I'm glad you are willing to pay hundreds for that, at least you're consistent. But I think you are out of touch with how most people who use ad blockers think. People want free stuff. They are entitled. And when they have successfully suppressed the much less painful ad experience (no sign up, no credit card, works across all sites) they will be upset when they encounter sign up blocks and ask "why does every website want a subscription?!" not realizing that they themselves did it.
Now there may be some upsides to this. Shock content, designed to garner page views, may become less common. Perhaps content will get longer.
But I do not relish the annoyance of having to pay for every site. I despise that tech help on medium, for example, is often behind a paywall. I'd rather watch an ad.

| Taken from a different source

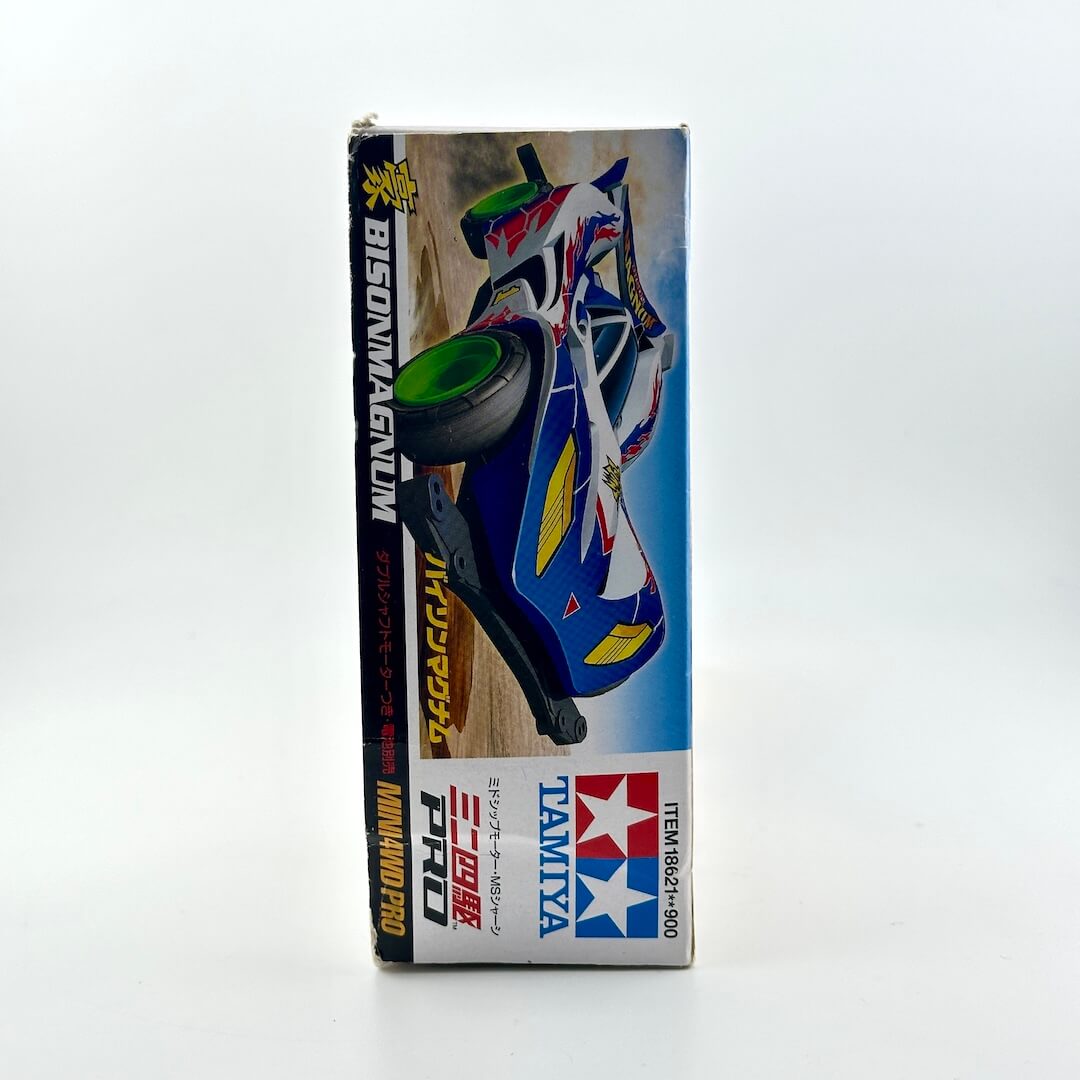Tamiya Bison Magnum 1/12 scale model kit box, featuring a blue, white, and red racing car illustration on a clean white background.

I think fewer people would block ads if they were less miserable. So if you achieve your goal of making ads suck less, fewer people would block ads. I support you in your endeavor! But in the meantime, I'm not going to put up with a garbage web experience just because you asked me to.
I have used adblock since forever and I am absolutely willing to pay for quality content. I do actively support content creators by buying merch or funding their Patreon/Github.
Subscriptions suck because it is another thing to keep track off and many business models rely on you forgetting about them.
I think micropayments would be great but the problem is that you need to consume the content before knowing if it was really worth paying for.
My dream would be some kind of general internet subscription network set up as a non-profit public service where I pay a fixed sum every month and where all kinds of content creators, news sites, basically anyone could be in. The network would pay their members a split of my monthly fee based on the sites I visited by default but offer me up and downvote buttons on every page. Downvotes means the site is excluded from getting payments from me, upvote means double payment. (Of course I can't downvote all of them, the sum I pay is always fixed.)
So I have only one single monthly payment, I don't have to think about it much while still having a way to encourage high-quality content.
iOS is great for subscriptions - there’s a list in the App Store and I trust apple to allow me to cancel them if I’m no longer using them. It’s clear whether I’m signing up to monthly or weekly.
Now there may be some upsides to this. Shock content, designed to garner page views, may become less common. Perhaps content will get longer.
But I do not relish the annoyance of having to pay for every site. I despise that tech help on medium, for example, is often behind a paywall. I'd rather watch an ad.